Before ending the chapter we mention that the Chinese Remainder Theorem is true in a more general context than that of the integers. For a certain broader class of rings\(^{1}\) (see Appendix C), if we use analogous notions of congruence and relative primeness, the Chinese Remainder Theorem still holds true. In particular, the Theorem is true for the Gaussian integers (see Exercise \(\PageIndex{6}\).
Exercises
Prove the following: if \(n\) and \(m_1,m_2,\cdots, m_n\) and \(N\) are all integers, and every two of \(m_1,m_2,\cdots,m_n\) are relatively prime, and \(m_1,m_2,\cdots,m_n\) each divide \(N\), then \(m_1m_2\cdots m_n\) divides \(N\).
(Hint: there are multiple proofs that can be given, using the prime factorization or Bezout’s Lemma and induction.)
Describe all solutions to the following systems of congruences.
- \(x \equiv 1 \pmod {8}\); \(x \equiv 2 \pmod 9\).
- \(3x \equiv 8 \pmod {10}\); \(x \equiv 13 \pmod {21}\).
Solve this problem attributed to Euler: Find two numbers whose sum is 100 such that one is divisible by seven and the other is divisible by 11.
Give all solutions to the system of congruences: \[x \equiv 2 \pmod 3; \qquad x \equiv 2 \pmod 5; \qquad x \equiv 5 \pmod 7.\nonumber \]
- Explain why the system of congruences \[x \equiv 3 \pmod 6; \qquad x \equiv 4 \pmod 8\nonumber \] has no solution. Explain why this does not violate the Chinese Remainder Theorem.
- Find all numbers in \(\{0,1,2,\dots,100\}\) that are solutions to the system of congruences \[x \equiv 2 \pmod 6; \qquad x \equiv 4 \pmod 8.\nonumber \] Can you describe (and justify) what the set of all integer solutions to this system of congruences is?

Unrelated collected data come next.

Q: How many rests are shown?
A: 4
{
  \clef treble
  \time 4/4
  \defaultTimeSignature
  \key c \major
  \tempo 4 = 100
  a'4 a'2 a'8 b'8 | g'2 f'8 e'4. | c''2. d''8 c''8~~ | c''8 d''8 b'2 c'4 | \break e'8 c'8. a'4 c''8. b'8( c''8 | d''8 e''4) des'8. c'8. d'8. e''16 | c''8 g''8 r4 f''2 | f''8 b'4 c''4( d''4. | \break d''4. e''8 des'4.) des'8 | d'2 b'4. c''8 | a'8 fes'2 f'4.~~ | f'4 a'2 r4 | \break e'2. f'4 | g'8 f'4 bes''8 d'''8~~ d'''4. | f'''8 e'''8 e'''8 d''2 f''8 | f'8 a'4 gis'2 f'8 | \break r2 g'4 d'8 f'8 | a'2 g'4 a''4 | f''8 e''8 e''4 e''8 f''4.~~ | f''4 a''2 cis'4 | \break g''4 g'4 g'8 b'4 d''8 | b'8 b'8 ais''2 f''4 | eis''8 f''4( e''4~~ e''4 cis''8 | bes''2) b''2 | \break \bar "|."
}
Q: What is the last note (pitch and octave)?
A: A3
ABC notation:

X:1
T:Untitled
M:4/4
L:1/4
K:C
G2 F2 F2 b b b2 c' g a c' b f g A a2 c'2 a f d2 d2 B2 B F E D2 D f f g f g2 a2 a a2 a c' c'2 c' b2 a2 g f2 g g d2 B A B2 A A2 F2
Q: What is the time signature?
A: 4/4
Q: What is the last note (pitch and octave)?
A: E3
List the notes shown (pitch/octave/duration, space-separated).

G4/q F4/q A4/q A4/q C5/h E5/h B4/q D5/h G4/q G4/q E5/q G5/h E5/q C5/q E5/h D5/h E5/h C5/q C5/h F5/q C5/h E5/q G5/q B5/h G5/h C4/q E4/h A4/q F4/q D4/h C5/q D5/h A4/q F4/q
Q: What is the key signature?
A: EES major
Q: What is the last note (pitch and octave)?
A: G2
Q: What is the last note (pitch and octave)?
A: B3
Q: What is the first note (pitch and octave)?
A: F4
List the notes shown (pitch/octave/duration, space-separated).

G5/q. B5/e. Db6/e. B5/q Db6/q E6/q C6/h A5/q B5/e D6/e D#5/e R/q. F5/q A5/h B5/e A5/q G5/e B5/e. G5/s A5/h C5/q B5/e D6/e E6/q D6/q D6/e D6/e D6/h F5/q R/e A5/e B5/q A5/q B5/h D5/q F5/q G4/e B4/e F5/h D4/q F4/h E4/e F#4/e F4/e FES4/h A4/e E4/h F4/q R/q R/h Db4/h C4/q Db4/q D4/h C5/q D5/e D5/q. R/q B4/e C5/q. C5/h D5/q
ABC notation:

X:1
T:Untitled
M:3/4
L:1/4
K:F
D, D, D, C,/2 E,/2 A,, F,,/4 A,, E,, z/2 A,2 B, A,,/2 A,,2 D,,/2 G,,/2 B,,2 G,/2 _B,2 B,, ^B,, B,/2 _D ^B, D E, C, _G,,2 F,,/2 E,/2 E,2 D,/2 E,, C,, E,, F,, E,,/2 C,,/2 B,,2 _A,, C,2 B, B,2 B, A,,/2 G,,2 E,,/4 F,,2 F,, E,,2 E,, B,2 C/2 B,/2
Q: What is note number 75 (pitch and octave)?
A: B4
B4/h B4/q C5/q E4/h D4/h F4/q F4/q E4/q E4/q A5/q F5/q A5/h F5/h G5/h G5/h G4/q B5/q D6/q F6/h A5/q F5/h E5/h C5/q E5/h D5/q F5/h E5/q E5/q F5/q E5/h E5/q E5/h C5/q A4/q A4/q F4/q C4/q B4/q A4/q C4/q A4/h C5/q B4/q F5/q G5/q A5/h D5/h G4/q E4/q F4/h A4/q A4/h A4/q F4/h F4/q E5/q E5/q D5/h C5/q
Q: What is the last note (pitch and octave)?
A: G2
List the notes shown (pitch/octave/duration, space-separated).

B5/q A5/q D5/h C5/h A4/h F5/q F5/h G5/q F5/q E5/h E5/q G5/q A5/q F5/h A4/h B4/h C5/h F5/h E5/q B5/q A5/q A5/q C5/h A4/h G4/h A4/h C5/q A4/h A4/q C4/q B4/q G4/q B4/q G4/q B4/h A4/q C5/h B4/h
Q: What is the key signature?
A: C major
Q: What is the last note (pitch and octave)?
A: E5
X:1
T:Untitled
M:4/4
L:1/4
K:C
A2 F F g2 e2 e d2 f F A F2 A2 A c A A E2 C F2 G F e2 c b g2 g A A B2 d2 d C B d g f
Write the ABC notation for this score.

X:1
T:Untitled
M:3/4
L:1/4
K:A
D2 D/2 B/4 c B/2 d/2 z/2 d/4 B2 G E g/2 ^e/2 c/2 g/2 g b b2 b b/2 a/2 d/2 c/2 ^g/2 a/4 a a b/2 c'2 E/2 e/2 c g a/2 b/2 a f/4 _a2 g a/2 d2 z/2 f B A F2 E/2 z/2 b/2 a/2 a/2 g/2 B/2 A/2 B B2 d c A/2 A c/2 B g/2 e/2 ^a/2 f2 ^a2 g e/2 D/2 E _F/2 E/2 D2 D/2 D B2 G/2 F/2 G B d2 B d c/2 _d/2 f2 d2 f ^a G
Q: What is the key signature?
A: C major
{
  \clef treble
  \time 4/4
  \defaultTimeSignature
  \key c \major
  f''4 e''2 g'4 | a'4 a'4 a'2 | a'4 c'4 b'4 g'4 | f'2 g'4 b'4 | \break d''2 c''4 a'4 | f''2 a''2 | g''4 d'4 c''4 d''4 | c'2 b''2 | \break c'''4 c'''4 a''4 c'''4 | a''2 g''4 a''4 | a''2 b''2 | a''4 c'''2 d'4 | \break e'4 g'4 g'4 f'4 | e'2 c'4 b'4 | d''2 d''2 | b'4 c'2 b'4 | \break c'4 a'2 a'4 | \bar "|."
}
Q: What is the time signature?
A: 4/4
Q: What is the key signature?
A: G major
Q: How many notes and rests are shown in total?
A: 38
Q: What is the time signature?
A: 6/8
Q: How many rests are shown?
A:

- Can you describe a moral to this story? To you, what does this exercise illustrate about systems of congruences and the Chinese Remainder Theorem?
Use ideas from this chapter and from Section 1.13 (including the exercises) to solve the following systems of congruences. Your answers should be Gaussian integers.
- \(x \equiv i \pmod{1+i}\); \(x \equiv 2 \pmod {3i}\).
- \(x \equiv -3+i \pmod 5\); \(x \equiv -i \pmod {1-i}\).
Footnotes
[1] Namely, the principal ideal domains.